I once had an industry analysts tell me that “today’s partnerships are tomorrow’s unsupported features,” so the market does view your partners and the strength of those relationships seriously. In fact, it’s wise to think of your partners as an extension of the reputation you have built for your brand.

You never want to find yourself in defense of your name because partners aren’t presenting themselves in the right light.

Take inventory

The first step in the process is to make an honest inventory of your partnerships by asking yourself a series of three qualifying questions:

  1. Is the vendor/partner still providing value to your business?
  2. Since engagement, has the vendor/partner maintained performance expectations?
  3. Do you trust your vendor/partner to protect your information?

If you’ve answered ‘no’ to any of these questions, it may be time to cut the cord, particularly if you have expressed your dissatisfaction with the partner in the past.

An added value of this exercise is that it is much easier to identify what to look for in a replacement by determining where problems exist. Don’t let emotions or history override the present status of your business and your relationship. In other words, if it’s not working today, it likely won’t work tomorrow.

Luckily, if you’ve answered positively to all these questions, you’re well on your way to solidifying the bond you have with your third party partners.

Integrate vendors into your strategic plan

For the most part, annual plans focus on the tasks and responsibilities of the internal team, leaving external stakeholders in the dark. The products and solutions of your vendors, and their expected participation, should be an integrated, thoughtful part of any business operation.

In some cases, looping them in could lead to a more refined solution than you are currently utilizing, or could lead to an extension of services depending on what the partner can offer.

Similarly, this type of active participation may encourage your partner to be more invested in carrying out your business proposition. Sharing the risks and rewards, like in any ongoing relationship, builds efficacy for all involved.

Build a performance plan for each vendor

While this may seem a bit ‘Big Brother,’ the intention behind it is worthy of consideration. Performance plans can come in a variety of forms and combine a number of criteria; service, quality, value and delivery are the most common combinations.

As with any performance metrics these should be easily measurable and rationally achievable. The best case would be to build the plan cooperatively with each vendor so they have buy-in and ownership.

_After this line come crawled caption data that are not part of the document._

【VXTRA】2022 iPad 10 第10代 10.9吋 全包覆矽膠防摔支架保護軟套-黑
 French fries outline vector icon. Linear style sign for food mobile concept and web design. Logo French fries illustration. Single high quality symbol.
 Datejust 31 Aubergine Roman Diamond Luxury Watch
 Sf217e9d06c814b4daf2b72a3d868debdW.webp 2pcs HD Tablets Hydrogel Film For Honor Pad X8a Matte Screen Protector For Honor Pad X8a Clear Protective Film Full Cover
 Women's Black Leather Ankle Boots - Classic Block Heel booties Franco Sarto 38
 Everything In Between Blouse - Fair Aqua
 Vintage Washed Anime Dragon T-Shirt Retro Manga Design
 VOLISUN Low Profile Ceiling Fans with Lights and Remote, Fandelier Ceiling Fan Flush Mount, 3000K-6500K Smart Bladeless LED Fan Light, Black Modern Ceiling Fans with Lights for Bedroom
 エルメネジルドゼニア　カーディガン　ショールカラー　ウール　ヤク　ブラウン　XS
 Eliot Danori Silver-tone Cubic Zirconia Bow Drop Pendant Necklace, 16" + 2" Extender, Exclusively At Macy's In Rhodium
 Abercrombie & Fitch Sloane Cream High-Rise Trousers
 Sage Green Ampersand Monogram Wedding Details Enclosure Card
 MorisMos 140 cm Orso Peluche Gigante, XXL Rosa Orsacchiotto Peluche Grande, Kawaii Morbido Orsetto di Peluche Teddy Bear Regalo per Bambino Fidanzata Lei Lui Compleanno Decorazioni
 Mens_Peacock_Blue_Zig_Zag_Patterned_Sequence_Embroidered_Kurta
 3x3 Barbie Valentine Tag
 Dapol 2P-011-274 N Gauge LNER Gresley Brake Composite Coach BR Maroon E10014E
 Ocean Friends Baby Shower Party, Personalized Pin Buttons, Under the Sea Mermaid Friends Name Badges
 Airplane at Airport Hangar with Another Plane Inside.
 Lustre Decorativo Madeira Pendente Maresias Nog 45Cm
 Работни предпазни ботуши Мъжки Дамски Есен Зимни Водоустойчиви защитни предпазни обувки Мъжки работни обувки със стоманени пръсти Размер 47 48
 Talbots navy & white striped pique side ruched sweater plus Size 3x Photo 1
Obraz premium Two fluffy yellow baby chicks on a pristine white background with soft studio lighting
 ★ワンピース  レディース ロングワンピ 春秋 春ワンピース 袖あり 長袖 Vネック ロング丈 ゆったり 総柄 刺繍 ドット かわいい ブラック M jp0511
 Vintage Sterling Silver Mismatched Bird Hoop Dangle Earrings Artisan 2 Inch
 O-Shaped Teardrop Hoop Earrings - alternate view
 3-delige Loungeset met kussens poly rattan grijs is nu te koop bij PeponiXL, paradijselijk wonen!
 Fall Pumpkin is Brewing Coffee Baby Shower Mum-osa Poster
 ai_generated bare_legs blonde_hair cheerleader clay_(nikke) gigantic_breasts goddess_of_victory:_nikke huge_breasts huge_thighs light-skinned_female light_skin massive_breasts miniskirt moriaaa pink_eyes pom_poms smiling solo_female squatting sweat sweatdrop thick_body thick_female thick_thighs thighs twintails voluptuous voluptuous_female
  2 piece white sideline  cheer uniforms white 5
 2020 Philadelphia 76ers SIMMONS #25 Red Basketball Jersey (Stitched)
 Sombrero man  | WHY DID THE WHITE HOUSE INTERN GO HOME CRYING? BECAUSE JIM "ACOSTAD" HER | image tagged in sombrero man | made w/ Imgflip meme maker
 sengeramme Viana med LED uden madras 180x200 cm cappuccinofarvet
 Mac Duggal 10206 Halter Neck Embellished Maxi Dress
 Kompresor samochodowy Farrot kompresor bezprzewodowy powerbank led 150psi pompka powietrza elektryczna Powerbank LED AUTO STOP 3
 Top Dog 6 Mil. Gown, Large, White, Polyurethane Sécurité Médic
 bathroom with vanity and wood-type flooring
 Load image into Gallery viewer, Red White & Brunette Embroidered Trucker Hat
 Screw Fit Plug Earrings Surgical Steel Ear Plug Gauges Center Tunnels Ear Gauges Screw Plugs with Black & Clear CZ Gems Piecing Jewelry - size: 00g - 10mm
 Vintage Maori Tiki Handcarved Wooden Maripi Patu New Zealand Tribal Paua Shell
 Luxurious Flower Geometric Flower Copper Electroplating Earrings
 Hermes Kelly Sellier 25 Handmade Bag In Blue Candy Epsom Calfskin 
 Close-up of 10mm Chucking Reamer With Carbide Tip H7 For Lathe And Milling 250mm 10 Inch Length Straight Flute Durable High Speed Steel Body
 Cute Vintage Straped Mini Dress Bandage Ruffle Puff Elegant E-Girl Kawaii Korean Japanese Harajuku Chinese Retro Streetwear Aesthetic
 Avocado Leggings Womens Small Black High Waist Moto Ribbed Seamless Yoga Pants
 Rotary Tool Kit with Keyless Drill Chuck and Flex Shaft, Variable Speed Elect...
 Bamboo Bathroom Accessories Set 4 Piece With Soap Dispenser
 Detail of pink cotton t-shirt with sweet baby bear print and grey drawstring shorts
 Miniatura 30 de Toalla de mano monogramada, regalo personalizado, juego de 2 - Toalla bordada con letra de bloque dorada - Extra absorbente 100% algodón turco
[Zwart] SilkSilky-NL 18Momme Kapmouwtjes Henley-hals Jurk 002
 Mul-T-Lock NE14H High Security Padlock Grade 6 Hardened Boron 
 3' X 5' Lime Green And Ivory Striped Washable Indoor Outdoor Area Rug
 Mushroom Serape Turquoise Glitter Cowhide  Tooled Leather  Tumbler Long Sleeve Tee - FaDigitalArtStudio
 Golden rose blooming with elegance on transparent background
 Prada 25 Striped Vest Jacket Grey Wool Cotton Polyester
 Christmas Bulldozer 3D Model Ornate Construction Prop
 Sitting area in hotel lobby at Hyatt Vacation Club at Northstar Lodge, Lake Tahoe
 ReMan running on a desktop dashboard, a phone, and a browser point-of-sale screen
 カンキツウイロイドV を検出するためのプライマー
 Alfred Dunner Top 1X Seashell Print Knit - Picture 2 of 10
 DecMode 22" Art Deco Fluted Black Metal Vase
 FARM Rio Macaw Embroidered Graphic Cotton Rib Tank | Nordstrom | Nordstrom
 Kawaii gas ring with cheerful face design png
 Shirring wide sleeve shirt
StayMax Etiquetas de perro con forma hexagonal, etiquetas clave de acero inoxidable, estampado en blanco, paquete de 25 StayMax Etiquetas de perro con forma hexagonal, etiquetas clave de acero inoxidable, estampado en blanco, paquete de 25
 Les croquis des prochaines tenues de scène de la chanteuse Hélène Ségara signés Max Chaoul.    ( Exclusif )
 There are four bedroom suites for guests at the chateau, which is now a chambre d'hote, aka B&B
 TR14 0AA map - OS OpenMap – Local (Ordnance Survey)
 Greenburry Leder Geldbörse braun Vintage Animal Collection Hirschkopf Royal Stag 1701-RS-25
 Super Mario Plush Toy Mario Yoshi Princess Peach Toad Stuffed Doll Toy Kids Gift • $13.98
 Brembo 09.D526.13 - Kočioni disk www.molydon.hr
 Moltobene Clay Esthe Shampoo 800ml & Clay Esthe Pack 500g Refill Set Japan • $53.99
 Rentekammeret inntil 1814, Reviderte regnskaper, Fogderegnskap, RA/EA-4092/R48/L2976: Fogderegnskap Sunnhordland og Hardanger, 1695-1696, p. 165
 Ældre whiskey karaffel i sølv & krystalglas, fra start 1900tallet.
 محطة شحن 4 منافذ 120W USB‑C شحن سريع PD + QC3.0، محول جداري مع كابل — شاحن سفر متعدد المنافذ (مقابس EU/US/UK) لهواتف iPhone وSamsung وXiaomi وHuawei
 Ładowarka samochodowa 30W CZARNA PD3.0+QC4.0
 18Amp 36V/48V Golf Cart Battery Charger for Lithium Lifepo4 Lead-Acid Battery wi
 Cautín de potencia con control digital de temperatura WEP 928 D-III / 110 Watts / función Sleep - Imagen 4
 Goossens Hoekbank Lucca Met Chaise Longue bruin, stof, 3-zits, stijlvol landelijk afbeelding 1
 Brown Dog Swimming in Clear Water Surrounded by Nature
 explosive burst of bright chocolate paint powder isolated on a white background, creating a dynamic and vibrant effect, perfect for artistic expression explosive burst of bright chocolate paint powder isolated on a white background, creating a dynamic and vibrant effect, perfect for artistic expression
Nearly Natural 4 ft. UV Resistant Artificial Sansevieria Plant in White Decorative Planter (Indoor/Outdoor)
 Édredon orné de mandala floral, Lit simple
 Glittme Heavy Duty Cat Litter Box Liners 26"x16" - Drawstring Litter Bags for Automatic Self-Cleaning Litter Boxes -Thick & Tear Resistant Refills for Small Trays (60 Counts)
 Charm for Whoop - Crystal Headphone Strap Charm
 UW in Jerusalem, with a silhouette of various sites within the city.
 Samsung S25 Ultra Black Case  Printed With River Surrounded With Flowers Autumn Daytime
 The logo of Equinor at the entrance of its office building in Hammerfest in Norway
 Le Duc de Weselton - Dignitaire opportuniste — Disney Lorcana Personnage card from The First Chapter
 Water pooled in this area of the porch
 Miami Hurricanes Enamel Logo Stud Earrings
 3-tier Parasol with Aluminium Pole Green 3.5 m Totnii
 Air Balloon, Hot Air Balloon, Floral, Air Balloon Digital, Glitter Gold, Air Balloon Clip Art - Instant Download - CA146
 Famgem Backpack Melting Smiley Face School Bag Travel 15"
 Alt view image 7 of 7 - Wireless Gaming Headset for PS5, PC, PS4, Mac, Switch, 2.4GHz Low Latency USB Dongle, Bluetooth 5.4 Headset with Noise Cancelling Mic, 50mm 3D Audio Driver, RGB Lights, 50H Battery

Performance plans have benefits that are three-fold. First, it is a way to align expectations and maintain a set of mutually agreed upon goals across the board.  Second, evaluating current performance metrics can quickly determine if expectations are being met, and know immediately what has to be done to correct any problems. It is far easier to identify and correct measured performance than to respond to subjective criticism.

Lastly, it illustrates credibility for your organization as potential partners may be more inclined to work with a company that notices and rewards good performance.

Give them the tools to succeed

Don’t assume that your vendors or partners will know your organization’s unique needs – they aren’t mind readers. This could include a combination of the following:

  • Proper onboarding for new relationships: This will help facilitate more comprehensive performance plan development and to create a baseline for future evaluations.
  • Regular training: This can be used to refine your business needs based on what your vendor is capable of providing. You should evaluate how often these trainings should occur, based on a variety of factors including new technologies, policy changes, corporate needs, etc…

Constant communication is key, particularly in the early stages of any partnership. They will need to be able to reach you when they need you.

Be available. Answer their questions and provide guidance. The effort will pay off in the form of a successful and efficient business relationship.

Establishing a positive working relationship with your vendors, suppliers, stakeholders and strategic partners will leverage a common sense of purpose across the board. Truthfully, they are your most valuable behind-the-scenes growth assets – nurture them and your business will flourish alongside their success.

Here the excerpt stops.